Now for the UK 2014-2015 tax year I have filled out a draft self-assessment noting the date I ceased trading, noting my books are only made up to that date, but also filling out the residence section and selecting the "split-year treatment" options (since they apply according to their notes).

It feels wrong to be selecting the residence and split-year treatment options, yet not be including income post-Autonomo registration and making use of the Double Tax Agreement as the way to avoid double taxation. But it would also be silly to file my UK return noting I ceased trading in Jan 2015, but including income Jan-Apr 2015 in my figures.
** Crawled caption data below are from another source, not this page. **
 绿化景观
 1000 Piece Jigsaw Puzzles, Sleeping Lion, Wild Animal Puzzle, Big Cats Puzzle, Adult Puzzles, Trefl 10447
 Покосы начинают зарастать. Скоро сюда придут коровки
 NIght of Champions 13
My feeling is perhaps I messed things up by filing that "ceased trading" notice with the HMRC after Autonomo registration was complete. It doesn't feel quite right that I have completely side-stepped the need to use the DTA for my split year. Am I right, or do I see problems where there are none?

Any advice appreciated!


----------



## Aranjuez (May 21, 2015)

rossob said:


> Hi all,
> 
> I have a question about submitting my self-assessment for the tax year I moved from the UK to Spain.
> 
> ...


You say you have been a sole trader throughout. How in broad terms did you operate your trade pre August 2014, in the period from August 2014 to January 2015, and in the period subsequent to January 2015. What fundamental changes if any, took place after August 2014 and at what point. Have you been in Spain continuously since August 2014, if not what broadly have been your movements. I think that sort of information would be necessary before anyone could have any meaningful input.


----------



## rossob (Jun 17, 2014)

Thanks for your response.

I work from home as a developer. There are no fundamental changes to my business -- even my client-base is identical as all my work is remote --, only a change in location (Aug 2014) and a change from UK sole trader to Spanish Autonomo (Jan 2015). 
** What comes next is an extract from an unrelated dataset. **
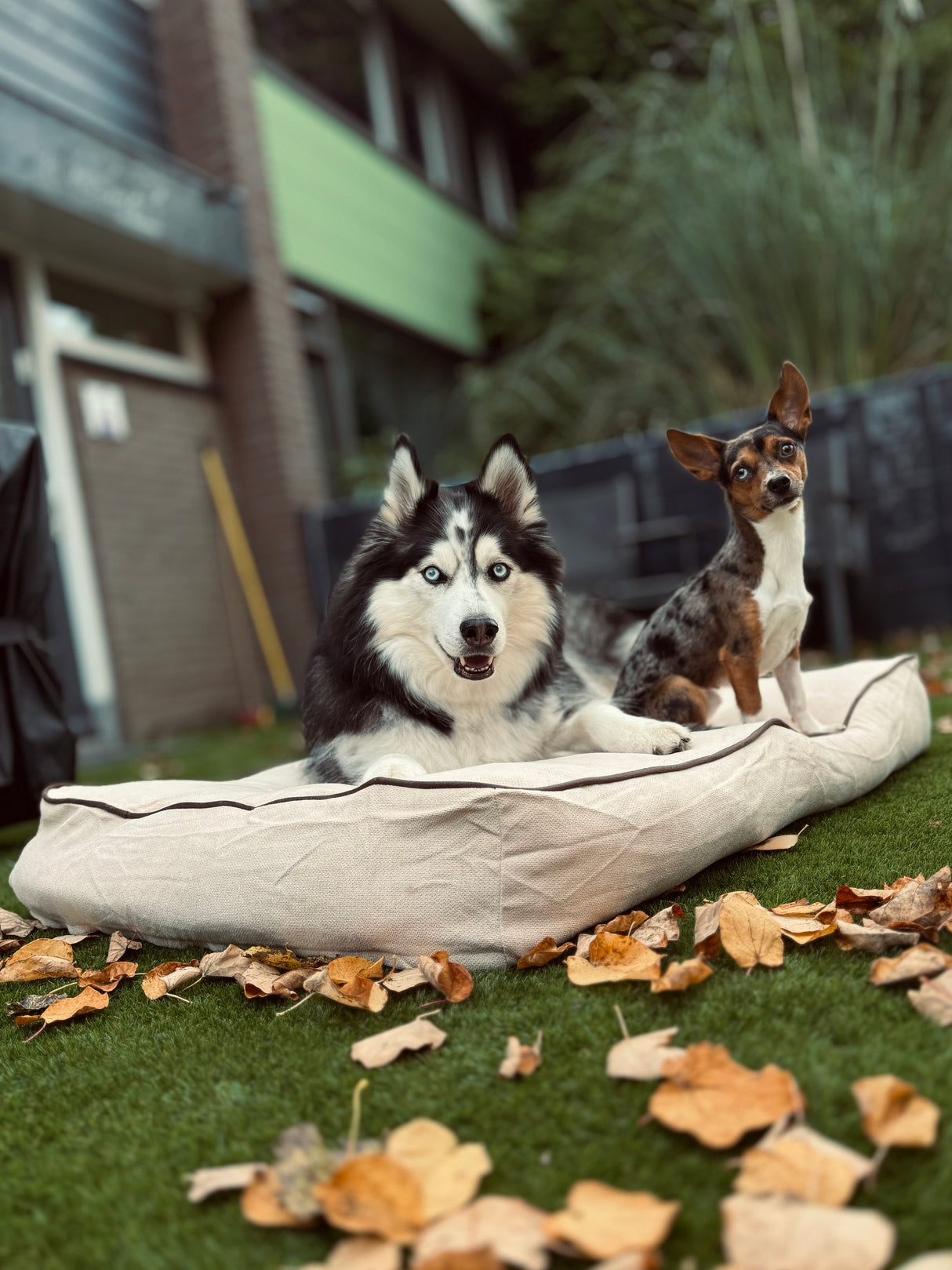 Rudy Hundekissen – Beige & Braun – Rutschfest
I have more or less been in Spain continuously since August 2014, just a couple trips home. I've already established I'm definitely UK resident for tax purposes 2014-2015, using HMRC's online residency indicator and filling out all the days I was in Spain/UK. I also qualify for Split-year treatment (I pass the automatic third UK residency test), again using the online indicator. So I'm clear on those points.

The point I'm unsure about -- is it OK that I don't have any use for the Double Tax Agreement? Put another way, is the DTA an optional tool to avoid being taxed twice for those that need it, or is it a requirement that must be used for those moving abroad (I guess to allow the UK & Spanish government to communicate and check no income went amiss in the process of transferring from state to state, since using the DTA means the "overlap dates" are documented in the income)?
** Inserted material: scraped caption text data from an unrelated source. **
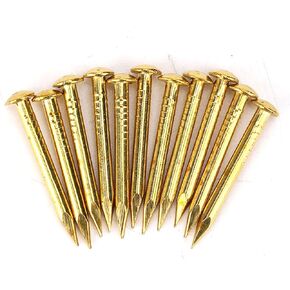 Round Head Nails, Pack of 100 Solid Brass Escutcheon Tacks Round Head Gold Nails Antique Vintage Furniture Brad Nails Furniture Hinge Hardware Accessories 10mm/15mm/18mm/22mm (22mm Long Thick)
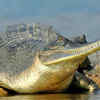 They are one of the three crocodilian species found in India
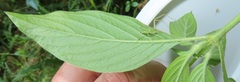 Pentas micrantha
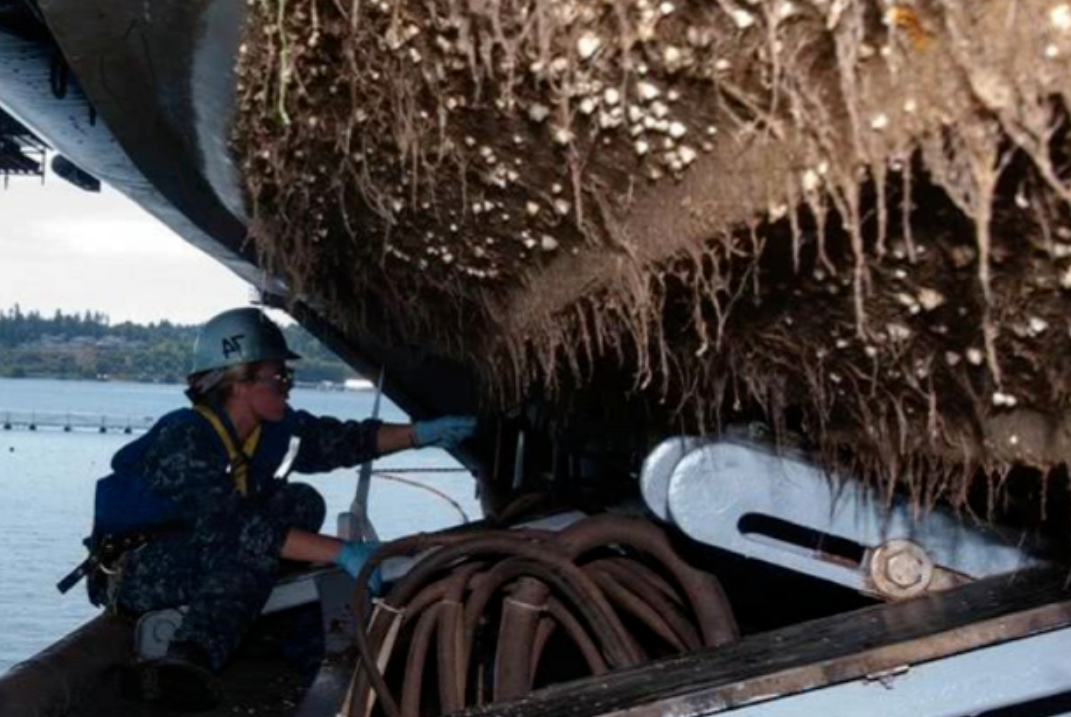 海洋害虫藤壶到底有何特别之处鲸鱼海龟都深受其害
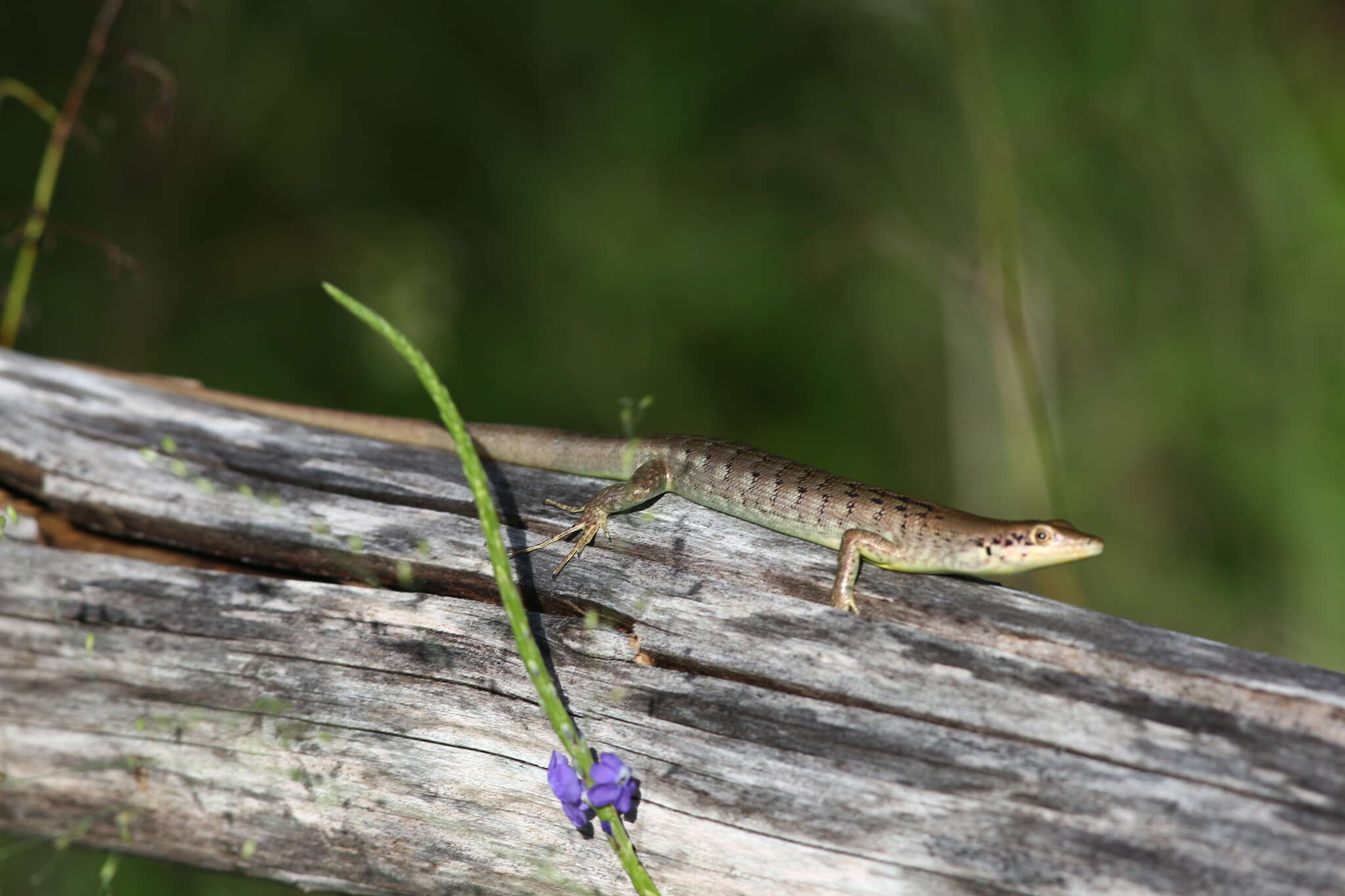 Image of Epibator Sadlier, Bauer, Shea & Smith 2015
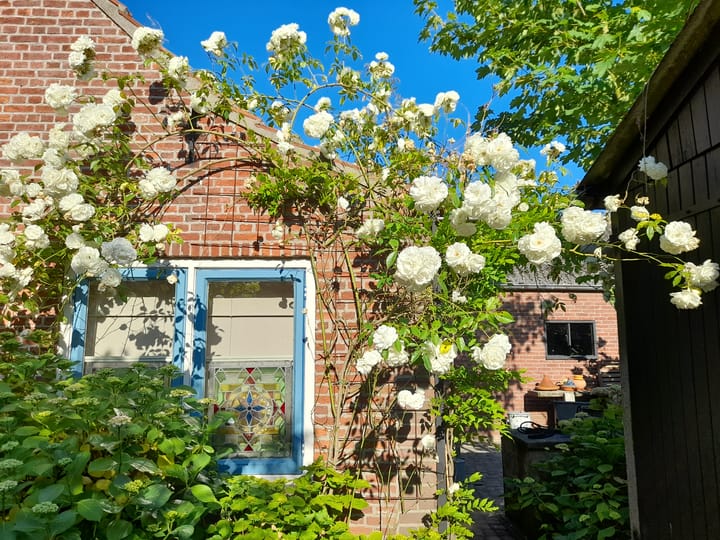 Foto 17 van Bakendorpseweg 15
I am intending to submit my UK return up until the day I ceased trading, and since I wasn't Autonomo until the next day there's nothing to claim back via DTA, and I guess it just seems too simple? It feels like I should need to tell HMRC about my Autonomo income Jan-Apr, and use the DTA to discount the tax on that period. But that wouldn't make sense, because I ceased trading in the UK in Jan (which the HMRC are aware of, and is noted on my tax return).

Also, I'm selecting the "split-year treatment" option and filling out the "resident" sections, and giving all the information about the dates I was in UK/Spain, but it isn't having any effect on my tax liability, so it feels like I'm doing something wrong.

I realise everyone has very different tax situations, so it might not be possible to get advice here, I just thought it worth a shot incase this is a common point of doubt for UK expats in Spain.

In retrospect I wish I didn't send the "ceased trading" notice to HMRC in Jan 2015 when I became Autonomo (which seemed logical to do at the time), because then I would know exactly how to file my return, using the DTA, and would have no doubts. I seem to have made things murky by switching my business from UK-Spain overnight, somehow.

Hope that makes some sense, and no problem if it's not possible to help for my scenario.


----------